Il tiro con l’arco è nato in Inghilterra, perciò le unità di misura utilizzate per definire pesi e dimensioni dei vari componenti sono la libbra (1 lb= 456 gr) e il pollice (1 “= 2,56cm).

Ogni arco ed ogni set di frecce è personalizzato, tarato a misura di ogni singolo arciere, secondo le caratteristiche fisiche che definiscono il libraggio (potenza) dell’arco e la lunghezza in pollici dello stesso.

Un uomo adulto in genere tira un arco che va dalle 40 alle 50 libbre di potenza (20 kg – 25 kg è lo sforzo necessario per tendere la corda), una donna tira dalle 30 alle 40 libbre (15 kg – 20 kg); la lunghezza varia dai 66 ai 70 pollici in relazione all’altezza della persona.

La corda

Un componente essenziale è la corda, alla quale va incoccata la freccia per procedere al tiro. Le corde attuali sono di un materiale sintetico inestensibile e non sensibile alla luce. La loro durata è quindi molto elevata, ma un tempo i materiali usati (ad esempio il kevlar) consentivano di tirare poco più di un migliaio di frecce, per cui era necessario contare ogni freccia scagliata per cambiare la corda prima della inevitabile rottura.

La parte centrale e quelle terminali sono avvolte da un filato sottile, che serve da protezione contro l’usura da contatto

I bersagli

Il punteggio ottenuto da ogni freccia dipende dal punto in cui impatta sul bersaglio, suddiviso in una serie di cerchi concentrici di 5 colori diversi, ognuno diviso in due settori.

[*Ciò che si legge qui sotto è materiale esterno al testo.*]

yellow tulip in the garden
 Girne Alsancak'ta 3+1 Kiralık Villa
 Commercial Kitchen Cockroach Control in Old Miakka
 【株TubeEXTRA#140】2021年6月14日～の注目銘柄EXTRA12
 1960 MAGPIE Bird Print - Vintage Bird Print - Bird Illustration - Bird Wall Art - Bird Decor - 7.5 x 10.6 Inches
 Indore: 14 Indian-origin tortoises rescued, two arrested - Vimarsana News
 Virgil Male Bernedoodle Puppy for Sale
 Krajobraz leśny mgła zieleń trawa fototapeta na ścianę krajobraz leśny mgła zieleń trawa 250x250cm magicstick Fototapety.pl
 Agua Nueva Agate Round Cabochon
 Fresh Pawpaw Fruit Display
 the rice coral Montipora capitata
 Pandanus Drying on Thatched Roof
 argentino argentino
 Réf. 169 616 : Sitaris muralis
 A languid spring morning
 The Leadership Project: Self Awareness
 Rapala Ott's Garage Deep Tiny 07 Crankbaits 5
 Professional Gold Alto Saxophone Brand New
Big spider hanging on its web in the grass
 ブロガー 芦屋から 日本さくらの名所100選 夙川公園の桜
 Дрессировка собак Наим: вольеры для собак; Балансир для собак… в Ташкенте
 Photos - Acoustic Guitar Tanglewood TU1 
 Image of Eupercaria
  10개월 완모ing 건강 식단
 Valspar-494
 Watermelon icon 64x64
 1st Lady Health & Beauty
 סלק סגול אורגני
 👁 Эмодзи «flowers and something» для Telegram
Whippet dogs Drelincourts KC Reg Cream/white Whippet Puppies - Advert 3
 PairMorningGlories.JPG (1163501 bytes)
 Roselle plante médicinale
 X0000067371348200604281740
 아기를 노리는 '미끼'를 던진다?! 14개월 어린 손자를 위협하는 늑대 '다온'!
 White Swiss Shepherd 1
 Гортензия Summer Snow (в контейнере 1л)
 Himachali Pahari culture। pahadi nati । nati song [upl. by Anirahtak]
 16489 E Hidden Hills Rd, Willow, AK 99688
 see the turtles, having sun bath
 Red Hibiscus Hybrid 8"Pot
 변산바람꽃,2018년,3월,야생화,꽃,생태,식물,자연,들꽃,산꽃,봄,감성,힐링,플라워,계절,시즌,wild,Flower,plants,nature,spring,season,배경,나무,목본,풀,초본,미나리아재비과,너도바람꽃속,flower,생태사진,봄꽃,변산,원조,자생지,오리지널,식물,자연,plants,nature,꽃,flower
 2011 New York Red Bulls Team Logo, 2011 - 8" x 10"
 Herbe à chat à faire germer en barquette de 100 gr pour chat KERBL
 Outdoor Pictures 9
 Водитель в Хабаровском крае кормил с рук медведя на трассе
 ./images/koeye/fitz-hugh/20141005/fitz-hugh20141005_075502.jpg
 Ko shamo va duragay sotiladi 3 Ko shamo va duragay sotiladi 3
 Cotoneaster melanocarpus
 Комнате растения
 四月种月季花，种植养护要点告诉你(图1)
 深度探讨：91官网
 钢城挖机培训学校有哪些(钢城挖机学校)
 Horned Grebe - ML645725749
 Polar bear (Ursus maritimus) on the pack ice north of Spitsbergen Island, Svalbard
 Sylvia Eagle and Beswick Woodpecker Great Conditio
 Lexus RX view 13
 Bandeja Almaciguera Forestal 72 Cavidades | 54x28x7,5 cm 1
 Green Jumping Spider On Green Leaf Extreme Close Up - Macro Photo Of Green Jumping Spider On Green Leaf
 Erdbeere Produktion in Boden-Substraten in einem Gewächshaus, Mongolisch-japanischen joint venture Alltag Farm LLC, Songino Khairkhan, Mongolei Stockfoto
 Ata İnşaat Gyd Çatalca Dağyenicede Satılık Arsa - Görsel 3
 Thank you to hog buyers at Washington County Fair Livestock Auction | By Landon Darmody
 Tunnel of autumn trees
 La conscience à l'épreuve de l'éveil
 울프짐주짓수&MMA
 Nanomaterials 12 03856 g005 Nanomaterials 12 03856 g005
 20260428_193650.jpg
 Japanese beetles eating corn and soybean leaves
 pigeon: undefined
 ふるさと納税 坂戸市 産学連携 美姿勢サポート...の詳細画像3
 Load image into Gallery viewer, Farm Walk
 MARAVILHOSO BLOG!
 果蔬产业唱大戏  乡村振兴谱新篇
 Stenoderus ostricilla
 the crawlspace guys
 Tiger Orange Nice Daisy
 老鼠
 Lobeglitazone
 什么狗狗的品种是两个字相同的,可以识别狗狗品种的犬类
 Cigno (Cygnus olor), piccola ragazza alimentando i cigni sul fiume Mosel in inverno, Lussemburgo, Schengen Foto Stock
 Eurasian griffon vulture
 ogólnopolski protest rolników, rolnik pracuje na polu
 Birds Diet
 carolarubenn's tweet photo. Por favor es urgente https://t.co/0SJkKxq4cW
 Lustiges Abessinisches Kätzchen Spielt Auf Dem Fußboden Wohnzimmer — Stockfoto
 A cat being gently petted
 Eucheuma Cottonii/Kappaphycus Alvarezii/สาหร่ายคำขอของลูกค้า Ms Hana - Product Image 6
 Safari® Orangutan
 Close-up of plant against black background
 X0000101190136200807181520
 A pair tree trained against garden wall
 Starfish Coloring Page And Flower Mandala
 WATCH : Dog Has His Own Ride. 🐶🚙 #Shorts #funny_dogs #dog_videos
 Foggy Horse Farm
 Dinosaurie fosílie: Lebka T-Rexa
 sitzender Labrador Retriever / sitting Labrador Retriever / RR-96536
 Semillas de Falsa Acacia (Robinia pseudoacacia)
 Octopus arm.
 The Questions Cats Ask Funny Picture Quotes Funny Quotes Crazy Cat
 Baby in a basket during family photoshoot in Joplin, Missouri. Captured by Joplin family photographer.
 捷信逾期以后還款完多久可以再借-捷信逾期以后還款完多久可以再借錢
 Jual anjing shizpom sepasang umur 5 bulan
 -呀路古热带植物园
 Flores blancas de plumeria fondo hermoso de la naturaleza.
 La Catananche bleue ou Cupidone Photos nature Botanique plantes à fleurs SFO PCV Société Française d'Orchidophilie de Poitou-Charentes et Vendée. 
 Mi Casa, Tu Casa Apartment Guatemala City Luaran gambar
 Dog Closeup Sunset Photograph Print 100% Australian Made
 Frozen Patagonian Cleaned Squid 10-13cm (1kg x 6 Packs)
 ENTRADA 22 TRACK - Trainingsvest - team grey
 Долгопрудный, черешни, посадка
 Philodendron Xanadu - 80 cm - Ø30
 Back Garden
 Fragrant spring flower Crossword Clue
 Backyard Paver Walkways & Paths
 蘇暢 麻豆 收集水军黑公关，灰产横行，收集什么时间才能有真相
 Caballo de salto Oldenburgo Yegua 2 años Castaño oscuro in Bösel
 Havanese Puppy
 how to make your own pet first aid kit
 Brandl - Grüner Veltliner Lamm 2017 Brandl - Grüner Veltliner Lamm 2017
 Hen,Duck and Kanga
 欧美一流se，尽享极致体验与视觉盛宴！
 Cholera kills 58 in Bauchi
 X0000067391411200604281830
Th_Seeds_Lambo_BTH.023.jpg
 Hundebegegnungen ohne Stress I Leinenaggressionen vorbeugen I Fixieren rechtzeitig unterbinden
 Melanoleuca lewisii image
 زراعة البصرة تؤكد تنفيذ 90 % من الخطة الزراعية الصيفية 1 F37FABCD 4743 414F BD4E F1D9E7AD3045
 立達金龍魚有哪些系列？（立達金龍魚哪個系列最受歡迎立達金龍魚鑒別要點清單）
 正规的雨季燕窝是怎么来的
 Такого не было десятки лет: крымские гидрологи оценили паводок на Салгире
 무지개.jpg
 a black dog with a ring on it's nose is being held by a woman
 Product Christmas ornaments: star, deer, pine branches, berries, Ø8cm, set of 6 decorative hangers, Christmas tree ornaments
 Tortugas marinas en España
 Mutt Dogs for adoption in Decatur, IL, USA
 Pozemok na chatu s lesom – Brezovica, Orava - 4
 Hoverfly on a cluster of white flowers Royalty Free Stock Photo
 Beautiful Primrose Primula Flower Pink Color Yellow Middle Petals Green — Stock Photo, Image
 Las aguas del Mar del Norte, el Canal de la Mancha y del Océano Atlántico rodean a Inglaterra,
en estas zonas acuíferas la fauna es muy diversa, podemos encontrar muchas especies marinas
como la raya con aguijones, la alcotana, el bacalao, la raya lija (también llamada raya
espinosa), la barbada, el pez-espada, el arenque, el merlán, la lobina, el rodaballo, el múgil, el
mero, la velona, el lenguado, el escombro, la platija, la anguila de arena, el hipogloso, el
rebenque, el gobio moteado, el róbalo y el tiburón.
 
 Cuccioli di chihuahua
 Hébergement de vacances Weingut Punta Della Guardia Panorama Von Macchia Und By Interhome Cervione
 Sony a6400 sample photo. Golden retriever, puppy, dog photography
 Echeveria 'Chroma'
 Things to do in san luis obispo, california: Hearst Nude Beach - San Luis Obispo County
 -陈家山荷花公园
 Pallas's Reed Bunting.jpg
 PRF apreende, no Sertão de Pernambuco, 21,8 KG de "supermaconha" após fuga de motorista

Il giallo al centro vale 10 e 9 punti, il rosso 8 e 7, l’azzurro 6 e 5, il nero 4 e 3 e il bianco 2 e1. Se la freccia tocca la linea di divisione tra i settori, viene attribuito il punteggio superiore.

Il bersaglio, di carta irrobustita da un’intelaiatura di fili di nylon, viene fissato su di un supporto rotondo di paglia pressata, sul quale le frecce si infilano per circa 4-5 cm.

La tecnica di tiro

Il gesto tecnico di base prevede una semplice sequenza di movimenti che coinvolgono in particolare la muscolatura delle braccia e della schiena. Molto importante è una postura corretta, con i piedi aperti alla larghezza delle spalle per dare stabilità, il corpo posizionato perpendicolarmente al bersaglio, la testa ruotata verso il centro da colpire.

La mano sinistra impugna l’arco (per gli arcieri destri) e la destra impugna la corda con tre dita: indice, medio e anulare. Le braccia si sollevano a circa 90 gradi ed il braccio sinistro si estende verso il bersaglio, le spalle basse e rilassate. Mantenendo la tensione nel braccio sinistro, si apre l’arco portando la mano destra a contatto con il volto. A questo punto il mirino è posizionato sul centro del bersaglio e la freccia può essere scoccata, rilasciando la tensione delle dita che impugnano la corda.

La gara

Esistono diverse tipologie di gara, ma la competizione più importante, le Olimpiadi, si volge sulla distanza dei 70 metri. Gli atleti tirano 72 frecce su di un bersaglio da 122 cm di diametro e viene stilata una prima classifica. Poi, secondo una griglia di scontri a coppie, il primo classificato si scontra con il 64esimo, il secondo con il 63esimo e così via, tirando solo 12 frecce. Ad ogni turno quindi viene eliminata la metà degli arcieri fino a che restano in gara solo i quattro migliori, che si contendono le medaglie d’oro, d’argento e di bronzo.